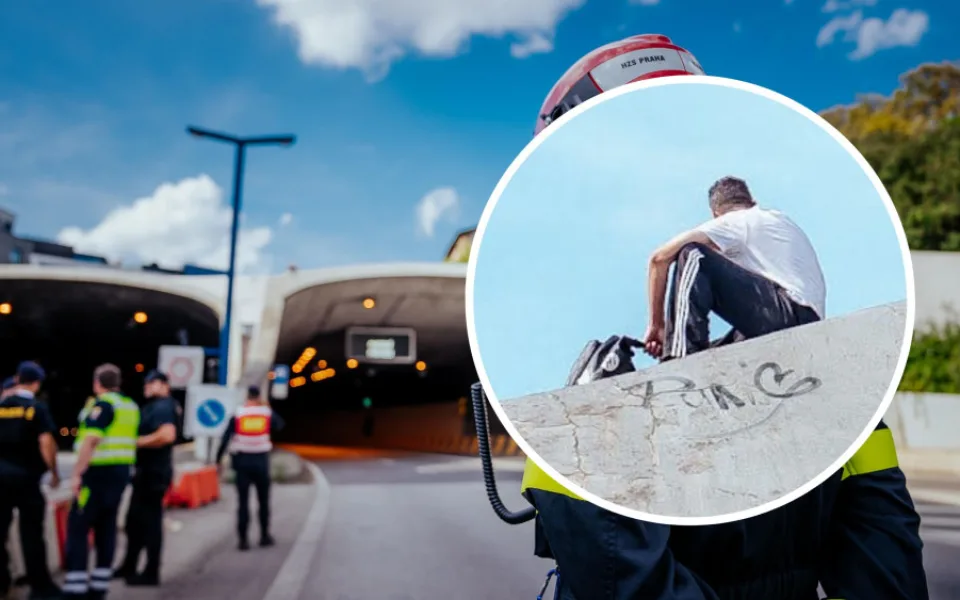 VIDEO: Muž seděl na portálu Strahovského tunelu. Musel se kvůli němu zastavit provoz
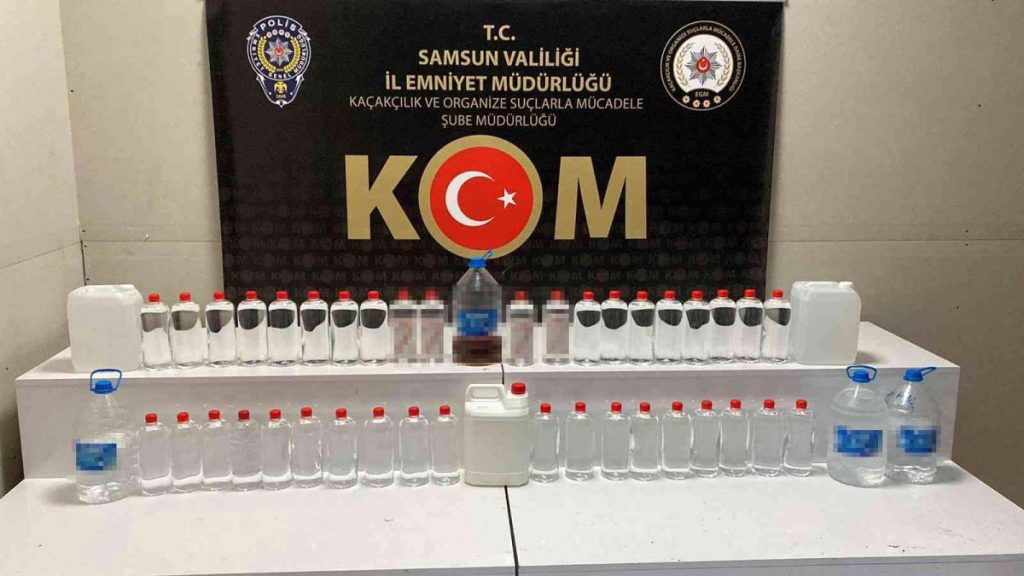 Son dakika 3. sayfa: KOM polisi el imali içki ve etil alkol ele geçirdi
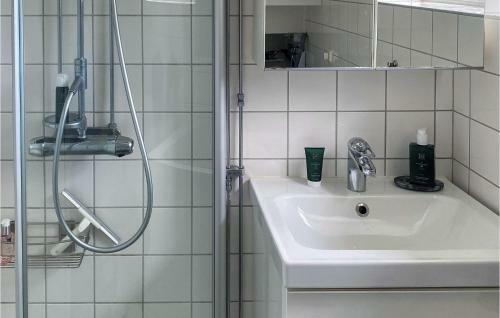 Nice Home In Holmsj� With Wifi And 3 Bedrooms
_ _ _ _ _ _ _
→ Exercise instructions
Reproduce the full listing verbatim so that only the pictures are missing.

→ Solution for this problem
 VIDEO: Muž seděl na portálu Strahovského tunelu. Musel se kvůli němu zastavit provoz
 Son dakika 3. sayfa: KOM polisi el imali içki ve etil alkol ele geçirdi
 Nice Home In Holmsj� With Wifi And 3 Bedrooms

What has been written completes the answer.